Most people alive today do not know that much of human history was spent in small, non-hierarchical groups with little-to-no incidence of mental illness. These were the times before large scale agriculture which began with the Neolithic Revolution in Mesopotamia 10,000 years ago. (Modern humans appeared at least as early as 230,000 years ago). Some such immediate return hunter gatherer cultures still persist today, but, of course, they are threatened. Our lack of awareness about these other ways of living in what could be called primal anarchy (without hierachy) - indeed the purposeful erasure of these peoples and the vanishing of the knowledge of their lifeways - has extremely grave consequences for our lives today. It means that virtually everybody thinks that we have to choose between three relatively miserable options: Capitalism, mass scale authoritarian "communism" or feudalism. Obviously, social democratic countries offer a more humane form of capitalism than what we have in the US. But even those nations are still mired in work-as-toil, severe hierarchy, "race"/class/gender–based oppression, ecological alienation and the destructiveness of the extraction economy. We need settle for none of these miserabilism-based options. The idea that we must settle for one of them is the lethal canard rocketing us and our planet into the inferno. (Link to a relevant TED Talk video below, "Depression Is a Disease of Civilization," by Dr. Steven Ilardi, KSU).
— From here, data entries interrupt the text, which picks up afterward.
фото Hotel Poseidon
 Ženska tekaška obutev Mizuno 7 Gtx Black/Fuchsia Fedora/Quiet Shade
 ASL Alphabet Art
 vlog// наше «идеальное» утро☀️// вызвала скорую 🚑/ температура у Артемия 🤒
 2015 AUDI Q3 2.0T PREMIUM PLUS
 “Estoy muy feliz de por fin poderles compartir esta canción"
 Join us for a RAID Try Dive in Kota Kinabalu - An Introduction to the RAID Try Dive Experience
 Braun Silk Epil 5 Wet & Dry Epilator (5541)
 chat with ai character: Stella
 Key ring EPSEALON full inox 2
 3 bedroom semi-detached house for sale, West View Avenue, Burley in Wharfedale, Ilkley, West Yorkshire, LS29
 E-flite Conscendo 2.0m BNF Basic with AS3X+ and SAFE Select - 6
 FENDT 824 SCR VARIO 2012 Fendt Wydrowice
Be surprised at nothing. Brittle white and collapsing coral reefs. Monarch butterfly swarms whittled down to butterfly quartets. Reduced birdsong. Emaciated bears. People bent over desks day and night, growing more and more unhealthy. Neighborhoods poisoned by the burning of medical waste. Children’s asthma spiking there. Landscapes of dumb lawns, monochromatic. You may see a defunct satellite tumbling at you from the heavens. Snuff films made publicly by the police. All is faltering, wavering. Glowing coals and debris are plowed into the lake. Children stalk the hallways of vast schools in military vests as if in a snake venom fever dream. Carcasses of hogs are left to rot in the river, poisoning the people, the river animals. There is no end to it. It exceeds all science fiction novels, all science-fiction films combined and all that will ever be written. It was launched by an idea and the idea calls itself the economy and the economy is not you. To the economy, we are like great and graceful Russian bears reduced to performing idiot circus tricks for coins. The economy is not you or me. It is a cluster of numbers spinning, wavering, flickering like a Fourth of July sparkler that singes the fingers and then burns through the body. The economy is a hovering cluster of malice and bottomless want. Strange new creatures are born out of the waste of discarded tires. We make enemies of our fellow Earth species. Driving roads cut through forests and mountains, we sense the animals’ fear of us and their hatred of us. Eyes watching from the hills and then going out. A black fin slices the water as we walk along the polluted industrial wharf. Glimpsed briefly and then gone. Grass grows high behind the nuclear reactor and the noise of insects reaches endolymph-crushing levels and then retreats. Rabbits amass late night on the baseball diamond. What could they be doing? You approach, only to see them scatter in all directions like tossed gravel. Such strangeness not seen before. There are no owls in this neighborhood, are there? I mean, there never were before, were there?